Morgengedanken

Sonntag,  6.05 Uhr - 6.08 Uhr, 
Montag bis Samstag, 5.40 Uhr - 5.43 Uhr, 
ORF Regionalradios

 

 


von Pater Josef Garcia-Cascales (Wien)

 

 

Sonntag, 7.11.2010

Nach einer Erzählung vom hl. Hieronymus soll Johannes der Apostel seinen Jüngern gesagt haben (frei übersetzt): „Ja, ich werde euch immer von der Liebe sprechen, auch wenn es euch langweilig werden sollte, denn die Liebe ist die Fülle des christlichen Lebens.“ Die Bibel sagt: „Gott ist Liebe.“ Und Paulus: „Hätte ich die Liebe nicht, so wäre ich nichts.“

Die Schlussfolgerung muss treffend sein: Wenn die Kirche und die Christen Liebe sind, sind sie etwas! Wenn sie nicht Liebe sind, sind sie nichts! Nachdenklich kann es stimmen, dass in den Glaubensbekenntnissen der christlichen Kirchen das Wort Liebe kein einziges Mal vorkommt. Natürlich sind unsere Glaubensbekenntnisse in ihrem Inhalt voll und ganz Liebe. Aber ich hätte mich schon sehr gefreut, wenn das Wort Liebe auch einen würdigen Platz im Credo bekommen hätte.

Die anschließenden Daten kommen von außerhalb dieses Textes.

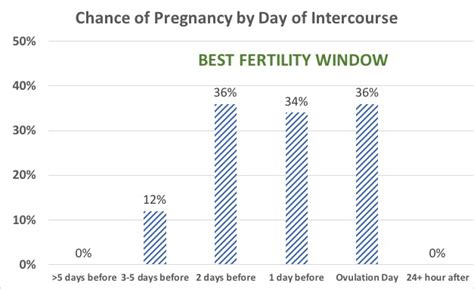 Sale What Is The Difference Between Ovulation And Fertile Window In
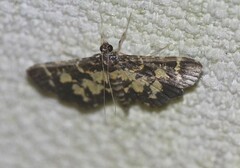 Eurrhyparodes bracteolalis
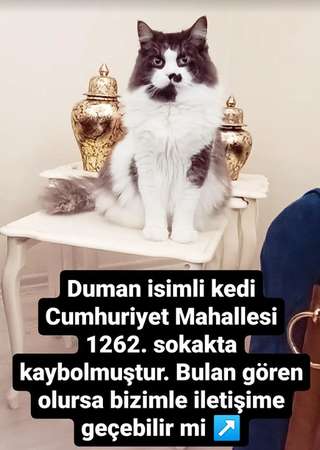 kaybolan kedim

Ich hab mir ein Credo der Liebe, von der Bibel ausgehend, zusammengestellt. Darin heißt es unter anderem:

„Ich glaube an die Liebe!
Ich glaube an Gott, der die Liebe ist!

Ich glaube an die Menschen, die lieben, und im Dienste der Liebe leben.

 

 

Montag, 8.11.2010

Ein schottischer Spruch lautet: „Ein Lächeln kostet weniger als elektrischer Strom und gibt mehr Licht.“

Was hat das Lächeln, dass alle Menschen es gern haben, dass es alle Menschen beglückt? Einem Lächeln kann auf lange Sicht niemand widerstehen. Es ist ausprobiert: Bei einer Reise in Indien begegnete ich einem Mann mit einem kalten und sauren Gesicht. Ich lächelte ihm zu, er drehte den Kopf weg, ich lächelte ihm zu, er drehte den Kopf weg, ich lächelte ihm zu, er lächelte zurück.

Das ehrliche, liebevolle, warme Lächeln ist nicht beschwerlich, nicht teuer, und wenn wir es vergeuden, macht es die anderen glücklich - und am meisten uns selbst.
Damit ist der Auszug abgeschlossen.